In any case, the bread was really, really good.  Soaking the dates made a huge difference.  They were tender and the bread had a great, light texture and a slightly carmelly flavor.  It was by far the best date nut bread I've ever eaten, even without the nuts. I took half the loaf in to work.  It had mostly disappeared after a few hours, even though not everyone was around.   I'll definitely be making it again, but next time I will add the nuts, and probably some chocolate chips too.

Monday, September 6, 2010

Quinoa with Corn and Black Beans

It's been a while since I cooked quinoa, so I didn't remember the proper proportion of liquid to grain.  I went online to look it up, and ran across this recipe.  I had most of the ingredients on hand, and it sounded good and had very positive reviews.
I made it more or less as described in the recipe, with the following changes.  I had some fresh corn, so I used that, I didn't have any cilantro, so I omitted it, and I only used one can of beans, as recommended by many of the reviewers.
It is pretty tasty, and I'll make it again.  The combination of corn and quinoa always works well.  I ate it with chicken leftovers, but it would be good in a burrito or with a little sour cream.  I would probably take it in the opposite direction and increase the amount of quinoa and stick with one can of beans next time.
Don't believe the part about it making ten servings, though.  I'll probably get 4 or 5 servings out of it.

Sunday, August 22, 2010

Chicken Spiedies

When I moved here I noticed a weird murky-looking marinade at the grocery store.  It was called 'spiedie marinade'.  It's avaible in bottles or you can buy pre-marinated meat.  I had no clue what it was.
It turns out it's a regional dish here in central New York.  As with many dishes, there is debate as to who invented it, wth several people taking credit for it.  Anyway, it's a Binghampton thing.  Meat is marinated for a long time and then grilled on skewers.  Once it's cooked, it's served on a roll.  The original spiedies were made from lamb, but are more commonly made from chicken or pork now.  It's also used for venison, which makes sense given all the deer around here.
I bought a bottle of spiedie marinade.  It smells like Italian dressing.

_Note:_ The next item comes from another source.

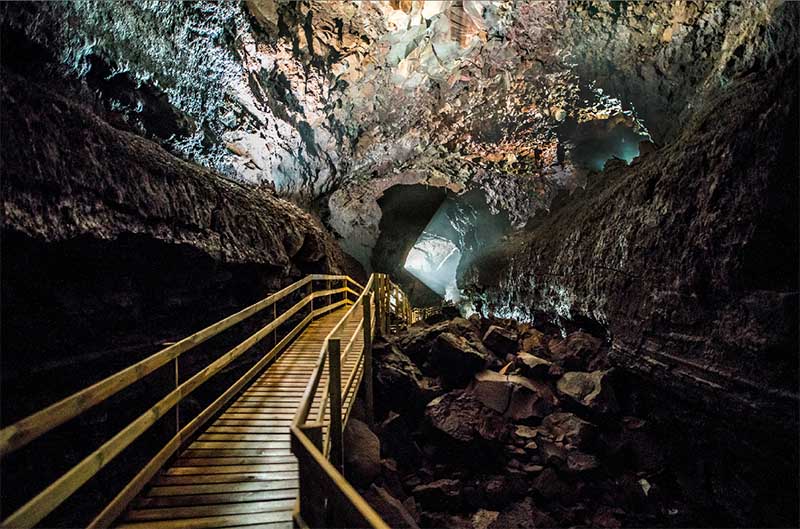 Vidgelmir lava cave, aka The Cave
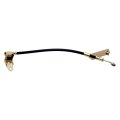 Brake Hose For Dodge Sx 2 0 2003 2004 2005 Rear Passenger Side Corrosion Resistant Steel With Epdm Rubber Jacket 3 8 In 24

I soaked some chicken tenders in it for a few hours. It was pouring, so  I didn't bother with skewers or charcoal, or bread.
The speidies were tasty - salty, tender, and with a slight flavor of garlic.  I could see why they'd be tasty in a sandwich, especially with beer.  Rugrat liked them too.  I don't know what it is with regional Binghampton cuisine though - they are seriously into salt, with the salt potatoes and the spiedies.  I'm glad I didn't serve them together.

Saturday, August 14, 2010

Pork Chop Battle, part 2

Now that I have a fancy new gas grill, it was time to test the smoker capabilities.  I opted to do smoked pork chops again, albeit with a simpler recipe.
I brined the pork chops for several hours in a mix of 1/4 cup of kosher salt, 1/4 cup brown sugar, and 4 cups water.  I then put them on the grill, along with some wood chips.  My grill is a bit different, so it's not necessary to soak the wood chips. You just drop them in.  There's no direct flame so they don't burn up too quickly.  Anyway, using the BBQ option resulted in a temperature of 350F, which was higher than the 250-275F that is recommended. The chops cooked quickly, in about 40 minutes.  They were tender and moist and tasted like a cross between regular and Canadian bacon.  The smoke flavor and salt level were just about right.  They were not overwhelmingly smoky.  I will definitely be making these again.  If I feel like being a really anal retentive BBQ geek, I'll try cooking them more slowly at the recommended temperature. 
I really like the infrared cooking so far.  I like my meat on the rare side, without a really charred crust, and everything I've cooked so far has come out moist, rare but not underdone, and was nice and tender. 
Next up: Chicken Spiedies

Sunday, August 8, 2010

New Toy: Char-Broil Infrared Grill

OK, so I had a brief respite from my grill lust when I got the BBQ/smoker, but after a few days the gas grill lust returned.  The smoker is good for the weekends, but I'm hungry and tired when I get home from work.  I wanted to be able to throw some meat and veggies on the grill and eat within 30 minutes.
I got lucky on Craigslist - the full story is posted on my other blog.  Suffice it to say I am now the proud owner of a brand new Char-Broil Red infrared gas grill.  I like it pretty well so far.  There are settings for high heat (clean/preheat) sear (for steaks, etc), grill, and BBQ/smoke.There is a U-shaped pan so grease never drips directly on the flame.  That's good for me since I was always having grease flare-ups in  my old mini-grill. I think the pan also serves to radiate/diffuse the heat so stuff cooks quickly and evenly.  There were mixed reviews on the grill and the infrared.  A lot of people really like it, and Consumer Reports gave it a high rating, but some people got lemons or were die-hard BBQ or gas grill snobs.  Anyway, so far my grill isn't a lemon (knock on wood) and I'm always open to new technology, so I'm happy.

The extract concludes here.